Pain Management in Lakeland, FloridaPain is the most common cause of disability in the United States, with one out of every four Americans affected by pain that lasts more than 24 hours. According to the American Pain Association, pain affects more Americans than heart disease, cancer, and diabetes combined! In many cases, pain can change your daily routine and activities, affecting every aspect of your life. Pain can even affect your thoughts, as well as the amount and quality of sleep you get each night. That’s why pain management is so important.

What Is Pain Management?

Pain management is a specialized branch of medicine with a focus that includes the evaluation, treatment, and rehabilitation of those suffering from pain. A pain management physician serves as a consultant to other physicians but is very often the primary treating physician. Depending on the situation, treatment can include working with the patient directly, prescribing medication, prescribing rehabilitative services, performing pain relieving procedures, and counseling both the patient and family.

Pain is Physical and Emotional

Pain is real, and it’s physical; however, the discomfort experienced is different for every patient. Proper and effective pain management requires approaching pain from both the physical and emotional levels. We all have a different threshold for pain and tolerance for pain. Whether the pain is a migraine headache, arthritis, or an old injury, you want to control the pain.
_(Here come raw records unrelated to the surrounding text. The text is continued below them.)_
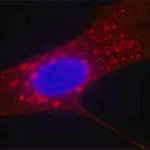 Merck Anti-Fibroblast Surface Protein antibody, Mouse monoclonal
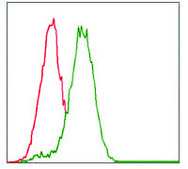 Monoclonal Anti-CYP3A4 antibody produced in mouse clone 3H8, purified immunoglobulin, buffered aqueous solution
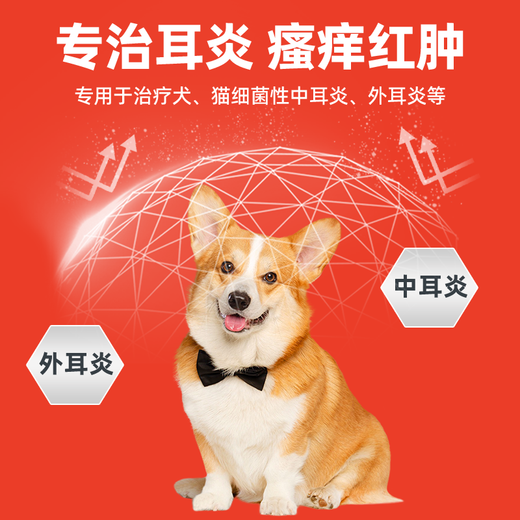 Dog Ear Mite Ear Drops Pet Ears Remove Mites Bacterial Fungal Infection Otitis Media Ear Cleansing Ear Cleansing Ear Soothing Antipruritic Sterilization Special Teddy Puppy Florfenicol Metronidazole Ear Drops 20ml/Bottle Universal for Cats and Dogs Veterinary Drug Level National Standard GMP Certification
Today, pain specialists use a combination of treatments that usually begins with medications along with noninvasive therapies. A partial list of the different treatments includes:


Unfortunately, no single drug works for everyone, and not everyone benefits from prescription drugs.
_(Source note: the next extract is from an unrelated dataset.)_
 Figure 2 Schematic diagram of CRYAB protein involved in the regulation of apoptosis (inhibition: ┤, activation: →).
  • Anticonvulsants. Medications that work by quieting damaged nerves to slow or prevent uncontrolled pain signals.
  • Antidepressants. Medications that work by modifying the chemical messengers that relay pain signals. Antidepressants may also help with sleep, which can help patients feel better.
  • Anti-inflammatories. Nonsteroidal anti-inflammatory drugs (NSAIDs), a type of pain reliever. At prescription doses, these drugs also curb inflammation.
  • Muscle Relaxants. Medications that can calm muscle spasms that cause pain.
  • Opioids. Medications containing codeine-related drugs. Opioids can only be used for a short time, because they are habit-forming.
  • Steroids. Medications that help alleviate inflammation and pain.

Noninvasive Therapies

As with medications, noninvasive treatment techniques are a matter of trial and observation. The following techniques are just a few of those available to help relieve pain. Consult your doctor before beginning any treatment, even if it is noninvasive.
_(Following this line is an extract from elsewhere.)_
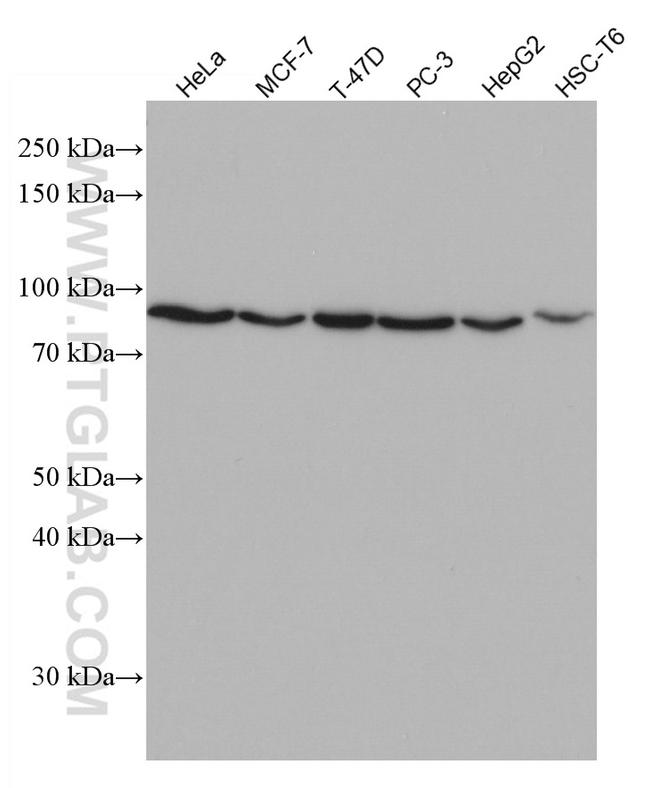 CEP63 Antibody in Western Blot (WB)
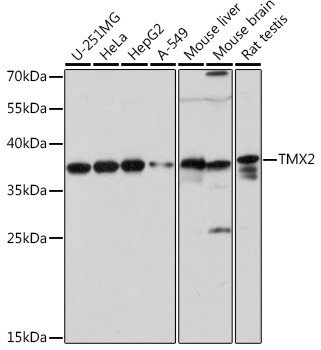 TMX2 Antibody in Western Blot (WB)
  • Acupuncture. Studies by the National Institutes of Health show that acupuncture can be an effective treatment for some types of chronic pain. In acupuncture, the practitioner inserts extremely fine, sterilized stainless steel needles into the skin at specific points on the body.
  • Biofeedback. The process of biofeedback makes one more aware of normally involuntary processes inside the body (such as muscle tension, temperature, and heart rate control). Biofeedback helps the patient gain some conscious control of these processes. This awareness of the body helps with relaxation which can help relieve the pain.
  • Chiropractic manipulations. Targeted adjustments and manipulations can help correct certain pain signal transmissions.
  • Cognitive-behavioral therapy. A type of psychotherapy that helps the patient understand what pain means, and develop skills to change negative thoughts about the pain. By changing negative thoughts and behaviors, people can change their awareness of pain and develop better skills for coping, even if the actual level of pain stays the same.
  • Heat application. Sometimes the application of heat can ease the pain.
  • Massage. Focused rubbing of the affected area may contribute to relieving the discomfort associated with pain. Massage can also help the patient relax, decreasing stress and tension.
  • Meditation. A practice that soothes the brain patterns underlying pain, and eventually alters the structure of the brain itself, so the patient no longer feels pain with the same intensity.
  • Physical therapy. Once acute pain is under control, a physical therapist may design a rehabilitation program to help prevent future injuries. Typical physical therapy involves exercises intended to strengthen muscles and improve flexibility.
  • Relaxation techniques. Various methods that help the mind alter its focus to something other than the source of pain.
  • Transcutaneous Electrical Nerve Stimulation (TENS) is a device that sends a weak electrical current via adhesive patches on the skin near the area of pain. The stimulation may interrupt or mask pain signals, preventing them from reaching the brain.
  • Yoga. The benefits of stretching and yoga can be helpful alleviate pain, depending on the cause of the pain.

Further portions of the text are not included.